Важной вехой, подготовившей почву для «перелома» конца 1920-х-начала 1930-х гг. стала организация в 1925 году в государственном масштабе «…Союза Воинствующих Безбожников, поддерживаемого и финансируемого коммунистической партией и комсомолом»8. Численность созданной организации к 1926 г. составляла 87 тыс. членов, к 1929 г. достигла 500 тыс., пик пришелся на 1932 год, когда в организации состояло 5670 тыс. человек9.
Организационное оформление регионального отделения Союза безбожников СССР, его низовых ячеек в Смоленской губернии происходило в 1925-1926 гг. Ознакомление с идеями движения предполагалось произвести посредством распространения газеты «Безбожник» в уездах и волостях губернии. Циркуляр еще не реорганизованного ОДГБ гласил: «Газета «Безбожник» должна сыграть громадную роль в распространении идей безбожия среди широких крестьянских отсталых масс. Эта газета уже объединила вокруг себя все атеистические силы деревни и проделала большую работу по организации и укреплению антирелигиозного фронта. Всюду куда проникал «Безбожник» создавались кружки газеты «Безбожник» О.Д.Г.Б, которые на основании указаний газеты и ее советов начинали вести работу»10. Исследователи, однако, не склонны к завышению оценки эффективности работы СВБ, меры воздействия его печатных органов, отмечая в целом слабую дисциплину в рядах членов организации, систематическую неуплату членских взносов, неучастие в общественной работе организации11. Но и абсолютизировать подобные факты, естественно сопутствующие функционированию практически любой массовой организации, возможно, также не следует. Так этап организационного оформления СВБ сопровождался детально разработанной учредительной документацией, спускаемой через аппарат агитпропа на места.
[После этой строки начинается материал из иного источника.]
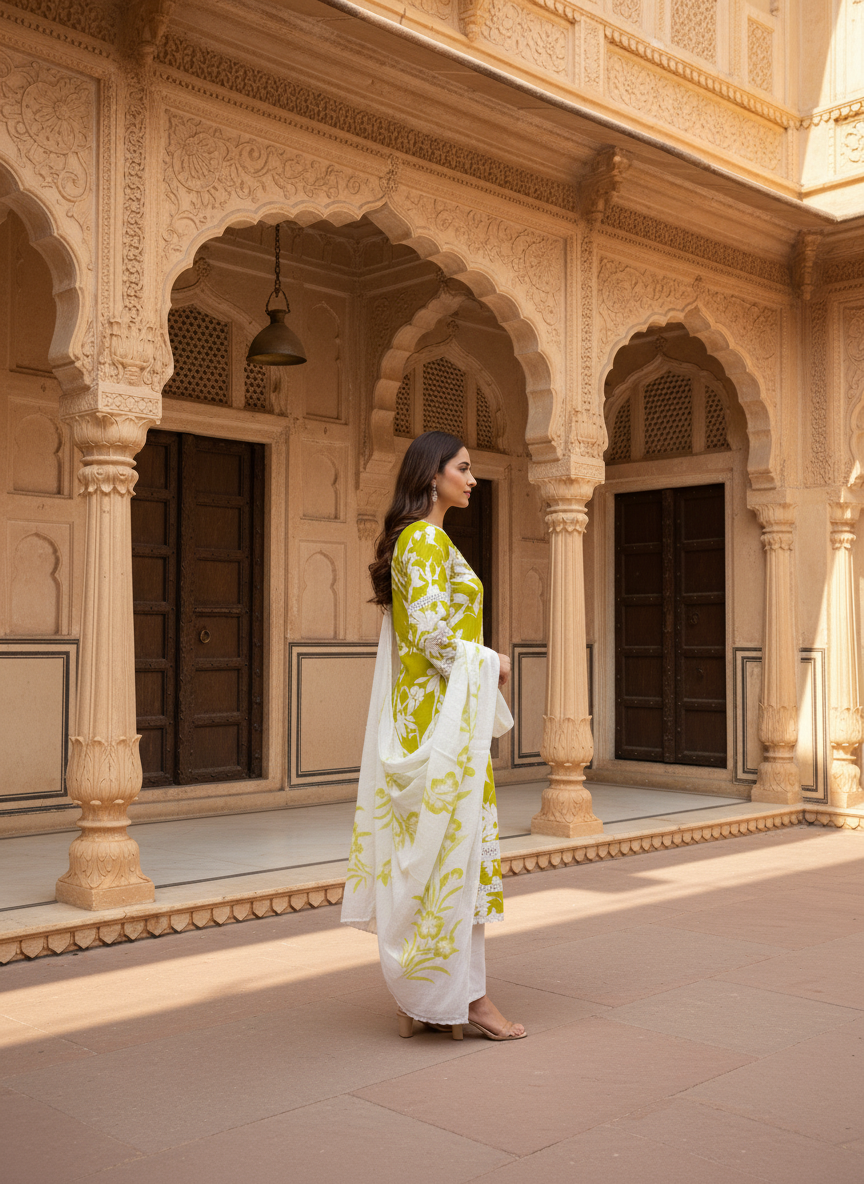 Abstract Floral Printed Straight Fit Kurta with Pant and Dupatta - Lime Green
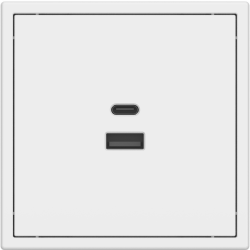 Tile Series USB and Type-C Outlet 2.1 - Ivory White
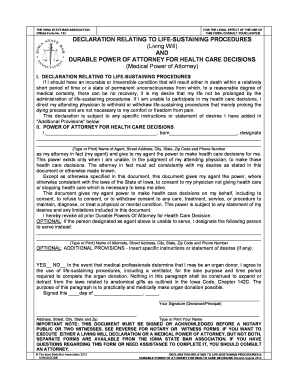 Iowa Living Will and Medical Power of Attorney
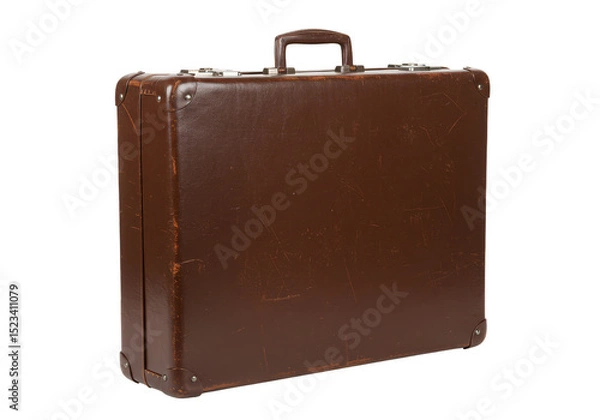 Fototapeta Realistic Image of Brown Vintage Leather Suitcase Briefcase Isolated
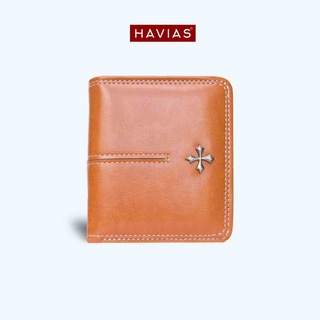 Ví Da Đứng HAVIAS Da Bò Nappa thật nhập khẩu 100% kích cỡ siêu nhỏ gọn ví da nam nữ PLUX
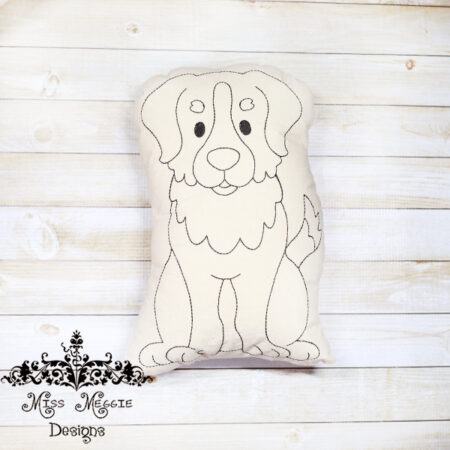 Doodle coloring stuffie doll doggie 2  ITH Embroidery file
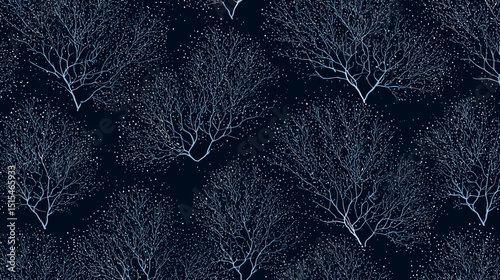 Seamless dark navy blue background with abstract tree branches  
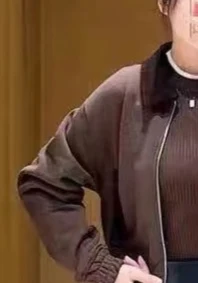 

Women 2025 autumn and winter new brown coat zipper waist ladies warm clothes fashion jacket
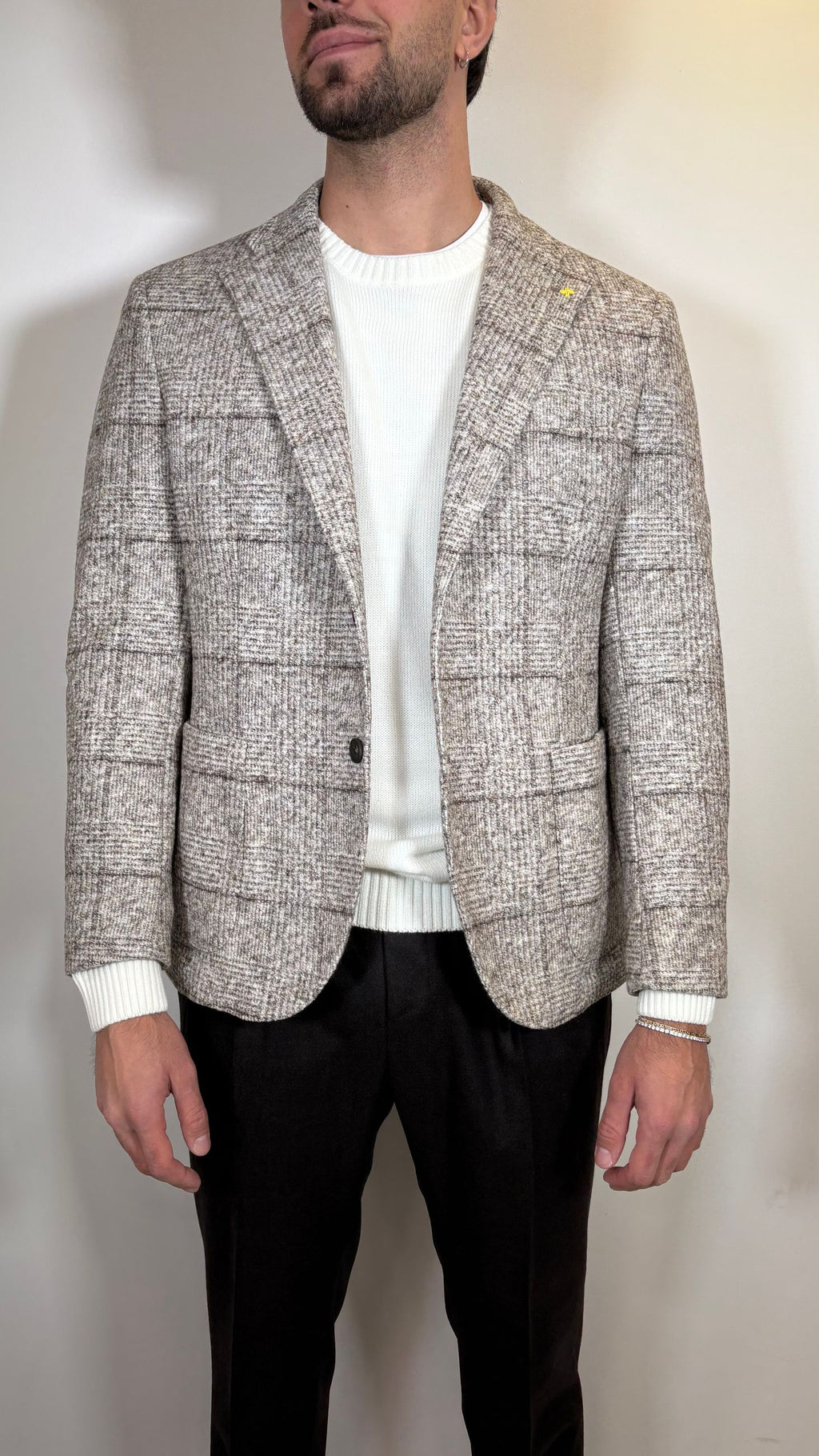 GIACCA IN LANA CHECK MARRONE - ALESSANDRO GILLES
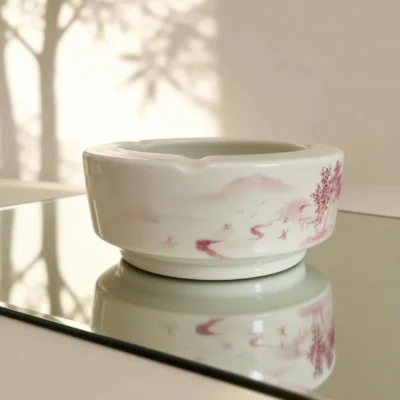 Coral Red Landscape Ashtray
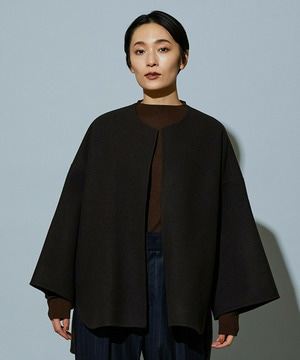 【MOGA】【Lサイズ】スタイリスト戸野塚かおるコラボ メルトンハーフコート 詳細画像 ブラウン 2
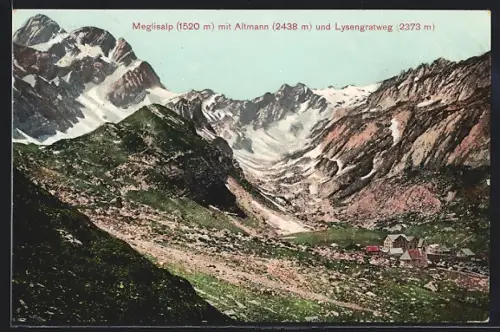 AK Meglisalp, Ortsansicht mit Altmann und Lysengratweg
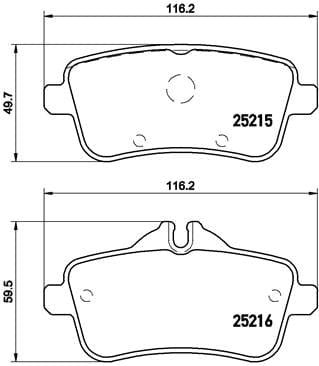 Brembo Brake Pads Rear Mercedes A45/Cla45/Gl ( Set Lh&Rh) (P50099)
Подробная «Инструкция по организации ячеек Союза Безбожников СССР» содержала следующие разделы: 1. «Первые шаги организатора», 2. «Как провести организационное собрание», 3. «Что делать дальше», 4. «План работы», 5. «Средство ячейки-общество», 6. «О связи», 7. «Всем райкорам и селькорам газеты «Безбожник»12, всесторонне разъясняющие начальные этапы организации ячеек СВБ.
Извлечения из Устава СВБ присылаемые в губернский агитпроп сообщали агитаторам и потенциальным членам общества основные цели организации: «1/ Союз Безбожников есть добровольный союз противников всех религий. 2/ Союз Безбожников под знаменем воинствующего безбожия ведет активную борьбу за полное раскрепощение трудящихся масс от религиозного дурмана, вскрывая социальные корни религии. Среди крестьянства эта пропаганда ведется, главным образом в форме разъяснения естественно-научных вопросов и разоблачения на данных конкретных фактов классового содержания религии. 3/ В задачу Союза Безбожников входит указывать своим членам на нецелесообразность применения такой массовой антирелигиозной агитации, которая по своему содержанию и форме резко оскорбляет чувства искренно верующей части населения, особенно крестьян. Борьбу с религией надо вести умеючи: этот лозунг Ленина обязан твердо помнить каждый член союза Безбожник…»13.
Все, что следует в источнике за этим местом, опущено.